The history of reform, both that of targeted OHS law and that of developing a separate industrial manslaughter provision, reemphasizes the importance of taking account of the competing interests that find their way into the law. Certainly, there is no end in sight for these reforms. There is a helpful body of literature that explores whose interests end up written into law as a result of these struggles, as well as the necessary economic conditions for reform to be effective. Dan Curran’s (1993) history of mine safety legislation in the United States shows how reform that could improve safety required not only a strong union presence, but a union with a strong safety focus as well as a high demand for coal and a tight labor supply. And James Gobert’s (2005) work in the English context shows how potentially effective industrial manslaughter provisions were reduced or weakened under pressure from employers. In any case, whether “regulatory” or “criminal,” the laws that emerge in a field like health and safety tend towards compromise reflect the competing interests and levels of influence of the groups that are party to debates in this field.
The Complex Division Between Criminal Behavior, Regulatory Breaches, And Desirable Behavior
Drawing bright lines in law and regulation between what is criminal, what is harmful and what is desirable is difficult. Part of the difficulty here is the way that the benefits of a particular activity or industry are often intertwined with harm. The embedded nature of harm within benefit and the unequal distribution of those harms and benefits means that it is difficult (both politically and practically) to develop precise law or finely targeted regulation that can separate the two. Further, those with interests in the benefits often have unique leverage over policy-making within government. For example, a mine in a particular locale may provide necessary and welcome employment and inward investment to a town, and its continued presence supported by many residents as a result. It may well also provide significant profits for the mine’s owners. Yet, it is miners that are at most risk from death, illness, and injury. So, workplace safety breaches are categorized as side effects of an otherwise purposeful form of wealth-creating industrial activity (which is encouraged), and risks are managed through regulation rather than mining prohibited outright (Hawkins 2002; Kagan and Scholz 1984). Context-rich analyses of criminalization in the context of OHS illustrate well the complexity of the distinction between what is “criminal” behavior and prohibited and what is “merely” a regulatory breach of the law.

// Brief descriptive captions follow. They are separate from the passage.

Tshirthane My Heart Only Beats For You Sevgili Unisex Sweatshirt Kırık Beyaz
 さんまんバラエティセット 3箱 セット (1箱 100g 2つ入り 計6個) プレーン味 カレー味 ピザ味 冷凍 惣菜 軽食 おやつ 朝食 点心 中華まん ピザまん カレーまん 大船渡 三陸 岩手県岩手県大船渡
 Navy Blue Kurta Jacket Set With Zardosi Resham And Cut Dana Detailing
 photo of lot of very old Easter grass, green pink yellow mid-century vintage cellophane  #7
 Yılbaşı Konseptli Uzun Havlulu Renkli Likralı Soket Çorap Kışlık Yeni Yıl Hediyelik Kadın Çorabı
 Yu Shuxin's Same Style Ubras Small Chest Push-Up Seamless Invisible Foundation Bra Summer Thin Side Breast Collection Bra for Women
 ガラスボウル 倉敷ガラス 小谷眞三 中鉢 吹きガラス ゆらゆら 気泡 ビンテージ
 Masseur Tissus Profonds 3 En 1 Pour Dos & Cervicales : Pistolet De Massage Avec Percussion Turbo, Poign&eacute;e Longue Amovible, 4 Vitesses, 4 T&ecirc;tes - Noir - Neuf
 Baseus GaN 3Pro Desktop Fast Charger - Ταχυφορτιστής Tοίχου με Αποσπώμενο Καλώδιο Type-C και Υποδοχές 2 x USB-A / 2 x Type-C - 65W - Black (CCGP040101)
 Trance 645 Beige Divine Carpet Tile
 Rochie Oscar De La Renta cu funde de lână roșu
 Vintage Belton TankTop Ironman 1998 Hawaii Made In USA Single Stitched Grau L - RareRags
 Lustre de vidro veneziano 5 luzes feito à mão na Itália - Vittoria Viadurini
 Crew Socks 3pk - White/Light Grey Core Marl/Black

While debates around the need for criminalization are important, they can distract attention away from the dynamic within which regulatory strategies (including criminalization) emerge. Again, it can be helpful to go back to Kit Carson’s work (1980), which shows how industrialists’ resistance to criminalization generated new forms of law in an attempt to bring them to account. Notions of mens rea and responsibility were developed in order to frame criminality in terms of individual pathology rather than sociological factors such as poverty and inequality. But safety inspectors found that proving fault in relation to workplace safety breaches was exceedingly difficult and argued for the need for strict liability offenses that did not require intent or mens rea in order to prove a breach. But once in place, the industrialists’ argued that a truly criminal offense must require proof of intent, and so these safety “crimes” were different from “ordinary” deviance in legal form; this meant that they could then be classified as normatively different due to the lack of individual pathology involved (Carson 1979). This change of status was fundamental in legitimating the new laws in the eyes of the industrialists. Understanding enforcement in the OHS context means understanding why enforcement is responsive to the regulated – including strategies to deal with the level of political influence the industry is able to exert. Regulators find it difficult to rigorously enforce safety standards in the face of political ambivalence (Haines 2011). Hence, in the face of resistance, it is not surprising that enforcement officers seek legal provisions that are more easily proved, which gave rise to debates around ambiguity and criminality.
This can be characterized as a problem of assimilation and differentiation; the problems of assimilating industrial offenders into existing concepts of fault proved insurmountable due to the fundamental individualism of the criminal law. From one perspective, strict liability offenses weakened the law, but from another, they at least allowed inspectors to prove an illegality against a corporate defendant. This “double shift” towards and then away from criminalization was born out of necessity and the strictures of a criminal system developed to deal with working-class “unruliness.” Hence, the “quasi-criminal” or regulatory character of the law developed from this point. The impact of this history of ambiguity on current government policy continues to be felt. For example, similar arguments attached to the “reasonable practicability” defense contained in the UK Health and Safety at Work Act 1974 (HWSA). The absolute duty for employers to provide a safe workplace was mitigated by requiring that the costs of breaching the law outweigh the cost of prevention. This had the effect of legitimating the HSWA in the eyes of business without introducing any kind of “moralizing” mens rea element into play; at the same time, this requirement acts as a de facto fault element, in that it allows regulators to differentiate between “respectable” businesses and the morally culpable “bad apples” (Hawkins 2002). But such a requirement arguably also shields companies from rigorous enforcement by introducing a utilitarian calculus into the question of safety protection, allowing what should be an absolute moral obligation to be sidestepped where the costs of doing so would be detrimental to business competitiveness.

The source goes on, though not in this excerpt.